The number of cases of TBI associated with intimate partner violence is not known. However, as mentioned above, CDC estimates that at least 156,000 TBI-related deaths, hospitalizations, and emergency department visits in the U.S. each year are related to assaults (Langlois, et al., 2004). Strangulation or blows to the head may occur in 50 to 90 percent of IPV physical assaults against women (Wolfe et al, 1997; Greenfield et al., 1998). Thus, the true number of violence-related TBIs may be much higher than the CDC estimate. Multiple TBIs, including concussions are frequently reported by incarcerated women with a history of IPV (Pamela Diamond, PhD, University of Texas-Houston, Personal Communication, October 2007).

In one study, 60 percent of the women with IPV-related TBI continued to exhibit TBI-related symptoms 3 months after the injury (Monahan and O’Leary, 1999). Women with TBI frequently exhibit reduced capacity to make informed, consistent choices about whether to leave or return to the perpetrating partner, and their ability to plan and to respond appropriately to safety, health, child care, and parenting issues may be significantly compromised (Monahan and O’Leary, 1999). This increases the likelihood that they will remain in a violent relationship and the risk of sustaining additional injuries, including TBI.

Many victims do not report IPV to police, friends, or family because they think others will not believe them and that the police cannot help (Tjaden et al., 2000).

This may be particularly true for persons with traumatic brain injury (Reichard et al., 2007) for several reasons. First, individuals with TBI are more likely to be dependent on a perpetrator for financial support and physical care. Second, communication problems associated with TBI may make it difficult for victims to report victimization. Third, the perpetrator may claim that the victim should not be taken seriously because of their TBI-related cognitive problems. Finally, victims may not be willing to admit that they have had a TBI because of the fear of negative consequences such as losing custody oftheir children.

Case example

Debra was born in in 1952. She spent 10 years in an abusive relationship with her female partner, and during that time sustained several possible concussions. In 2000, she was lying in bed asleep and was shot several times, including once in the head. She was rushed to the ER and remained in the hospital for 9 days for cranial hemorrhaging. (See sidebar “One Woman’s Story” for a more detailed account)

(Published with permission from Ms. Gray, obtained by the
Alabama Department of Rehabilitation Services)
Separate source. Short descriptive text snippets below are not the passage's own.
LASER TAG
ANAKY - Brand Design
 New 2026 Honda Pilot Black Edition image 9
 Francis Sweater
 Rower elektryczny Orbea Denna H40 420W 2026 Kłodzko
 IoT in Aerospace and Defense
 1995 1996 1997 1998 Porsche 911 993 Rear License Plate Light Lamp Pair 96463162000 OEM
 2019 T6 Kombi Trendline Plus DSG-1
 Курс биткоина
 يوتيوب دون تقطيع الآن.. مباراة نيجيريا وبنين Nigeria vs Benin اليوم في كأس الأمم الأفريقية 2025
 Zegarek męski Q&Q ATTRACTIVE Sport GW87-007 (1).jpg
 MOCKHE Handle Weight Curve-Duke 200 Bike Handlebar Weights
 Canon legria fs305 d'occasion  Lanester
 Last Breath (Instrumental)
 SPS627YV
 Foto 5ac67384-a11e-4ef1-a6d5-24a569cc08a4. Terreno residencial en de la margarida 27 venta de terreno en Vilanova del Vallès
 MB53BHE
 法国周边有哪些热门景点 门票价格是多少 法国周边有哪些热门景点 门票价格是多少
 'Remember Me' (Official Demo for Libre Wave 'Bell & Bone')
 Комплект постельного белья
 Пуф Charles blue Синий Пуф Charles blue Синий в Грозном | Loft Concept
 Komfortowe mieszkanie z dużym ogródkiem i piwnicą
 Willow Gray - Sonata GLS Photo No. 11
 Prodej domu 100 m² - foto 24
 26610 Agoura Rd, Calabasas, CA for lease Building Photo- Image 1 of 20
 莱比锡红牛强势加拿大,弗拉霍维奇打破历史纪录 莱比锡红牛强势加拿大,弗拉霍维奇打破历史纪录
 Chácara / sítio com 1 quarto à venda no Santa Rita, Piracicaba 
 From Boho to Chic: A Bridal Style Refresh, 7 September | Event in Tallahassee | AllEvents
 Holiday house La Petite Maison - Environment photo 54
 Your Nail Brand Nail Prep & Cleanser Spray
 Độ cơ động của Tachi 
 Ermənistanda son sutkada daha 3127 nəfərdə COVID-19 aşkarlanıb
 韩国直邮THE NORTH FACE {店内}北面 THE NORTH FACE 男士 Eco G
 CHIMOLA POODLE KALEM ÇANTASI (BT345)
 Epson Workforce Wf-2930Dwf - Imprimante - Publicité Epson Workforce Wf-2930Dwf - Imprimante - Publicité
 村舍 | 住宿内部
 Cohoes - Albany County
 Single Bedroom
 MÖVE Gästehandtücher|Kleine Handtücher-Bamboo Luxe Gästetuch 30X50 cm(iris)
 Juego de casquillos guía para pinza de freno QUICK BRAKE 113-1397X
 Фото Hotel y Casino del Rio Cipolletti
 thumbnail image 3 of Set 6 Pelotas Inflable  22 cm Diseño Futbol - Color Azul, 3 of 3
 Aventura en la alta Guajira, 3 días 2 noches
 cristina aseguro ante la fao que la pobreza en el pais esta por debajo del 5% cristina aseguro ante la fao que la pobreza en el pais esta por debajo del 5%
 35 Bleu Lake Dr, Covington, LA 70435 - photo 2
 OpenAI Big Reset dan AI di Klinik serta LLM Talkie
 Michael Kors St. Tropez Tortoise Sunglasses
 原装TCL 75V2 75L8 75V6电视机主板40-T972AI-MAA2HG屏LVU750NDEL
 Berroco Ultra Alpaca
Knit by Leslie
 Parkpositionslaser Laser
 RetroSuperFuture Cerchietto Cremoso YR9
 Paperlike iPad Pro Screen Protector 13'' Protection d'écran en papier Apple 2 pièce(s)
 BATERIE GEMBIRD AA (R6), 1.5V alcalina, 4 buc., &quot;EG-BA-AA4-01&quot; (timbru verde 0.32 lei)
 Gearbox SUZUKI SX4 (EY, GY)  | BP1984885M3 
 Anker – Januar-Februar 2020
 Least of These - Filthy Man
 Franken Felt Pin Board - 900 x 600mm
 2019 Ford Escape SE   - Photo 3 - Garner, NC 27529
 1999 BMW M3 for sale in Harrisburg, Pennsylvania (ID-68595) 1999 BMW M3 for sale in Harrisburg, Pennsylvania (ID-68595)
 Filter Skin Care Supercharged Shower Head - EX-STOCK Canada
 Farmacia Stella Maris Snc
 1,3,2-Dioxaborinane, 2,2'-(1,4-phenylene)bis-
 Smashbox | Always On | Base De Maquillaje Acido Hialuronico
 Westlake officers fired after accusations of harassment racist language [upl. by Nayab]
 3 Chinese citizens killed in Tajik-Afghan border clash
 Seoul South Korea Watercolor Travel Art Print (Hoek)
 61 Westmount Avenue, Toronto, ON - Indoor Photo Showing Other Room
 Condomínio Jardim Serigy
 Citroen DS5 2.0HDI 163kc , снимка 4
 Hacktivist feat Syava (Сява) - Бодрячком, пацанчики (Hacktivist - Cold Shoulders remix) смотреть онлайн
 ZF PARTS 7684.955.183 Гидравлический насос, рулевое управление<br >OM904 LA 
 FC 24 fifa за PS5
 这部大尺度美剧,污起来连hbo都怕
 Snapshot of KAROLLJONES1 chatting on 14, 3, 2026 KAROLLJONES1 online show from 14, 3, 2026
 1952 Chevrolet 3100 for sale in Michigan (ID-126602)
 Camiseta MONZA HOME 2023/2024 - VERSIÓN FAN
Violence as a Consequence of TBI

Victimization

A victim is defined as a target of emotional abuse or threatened or actual physical or sexual violence (Saltzman, et al., 2002). Victimization can include physical violence, sexual violence, psychological or emotional abuse, stalking, and neglect.

Persons with disabilities are particularly vulnerable to violence, and their position of vulnerability often makes it more difficult to leave a violent situation. The number of persons with TBI in the U.S. who are victimized each year is not known and existing information regarding the victimization of persons with disabilities has been gleaned from a small number of studies (Marge, 2003). Such studies have shown that persons with disabilities are 4 to 10 times more likely to become a victim of violence, abuse, or neglect than persons without disabilities (Petersilia, 2001). One recent study found that men and women with activity limitations were more likely to experience physical, emotional, and financial abuse, and that women with activity limitations were more likely to experience sexual abuse (Cohen, et al., 2006). Another study found that women with disabilities were 40% more likely to experience intimate partner violence than women without disabilities (Brownridge, 2006).

Research suggests that certain conditions increase the likelihood of violence, abuse or neglect. One study found that violence was more likely among women with a physical disability when they also had more than one disability, a hearing impairment, or were divorced/separated (Milberger, et al., 2003). Another study found that men and women with activity limitations were more likely to report intimate partner violence if they were single, younger, had lower income, and/or had poor health (Cohen, et al., 2006). (For more detailed information about victimization, see the sidebar).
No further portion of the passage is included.